Las consecuencias de Bunbury

Las consecuencias de Enrique  Bunbury

La tarde que vi el documental de Enrique Bunbury paseándose en un descapotable por la calle Línea, en La Habana, tuve que admitir de una vez y por todas que el tipo es muy extraño, pero brillante. Luego, en los matorrales del parque Benito Juárez, sus canciones acabaron de convencerme.
 
Por fin acabo de tener en mis manos su más reciente disco en vivo, grabado a finales del año pasado en el Gran Rex de Buenos Aires. Estricto, maduro, despampanante.
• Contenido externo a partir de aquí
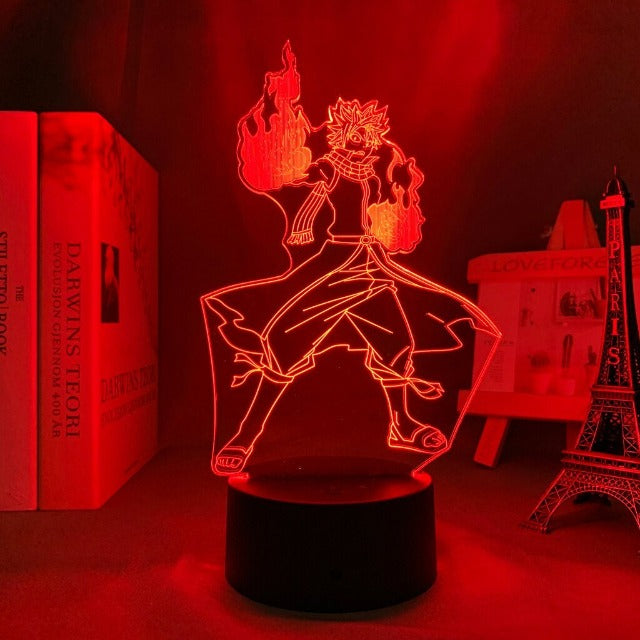 Lampe Natsu Poing D'Acier Fairy Tail: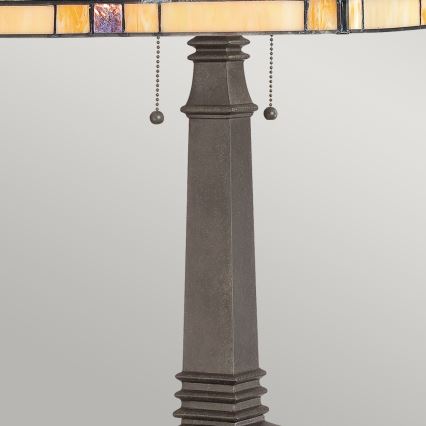 Elstead QZ-FINTON-TL - Bordslampa  FINTON 2xE27/60W/230V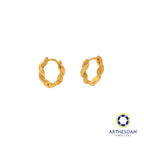 Arthesdam Jewellery 916 Gold Twisted Rope Hoop Earrings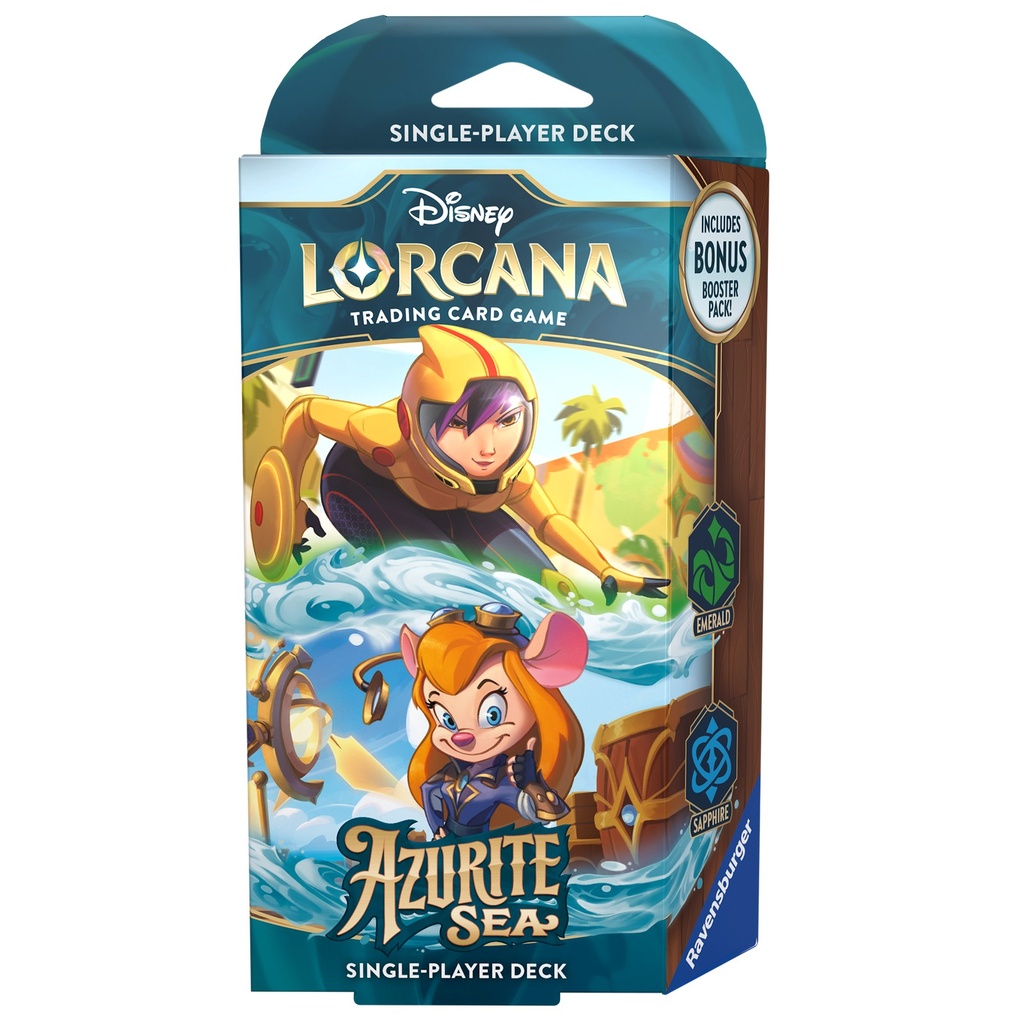Ravensburger Disney Lorcana Trading Card Game: Azurite Sea Chapter 6 Starter Deck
Ya Bunbury no es el muchacho aquel que precisaba de un pequeño cabaret ambulante para convencer a sus seguidores, tampoco necesita persuadir a nadie de que está tomando las decisiones correctas.
 
Su obra sonora (me doy el lujo aquí de prescindir de la era en que fue un héroe del silencio) es ya uno de los capítulos indispensables del rock en español, ese donde él mismo, en una de sus canciones, incluye a Andrés Calamaro, Charly García, Fito Páez, Luis Alberto Espinetta y Santiago Auserón, entre unos pocos más.
 
Le debo muchas cosas a Bunbury. En los últimos años su música me ha acompañado en los viajes más difíciles y en los más placenteros. Él, junto al Salmón, Drexler y los dioses que a su vez los han movido a ellos, van conmigo por días y noches, desidias y carreteras. Ahora mismo le oigo. Suenan las consecuencias… Las de él y las mías.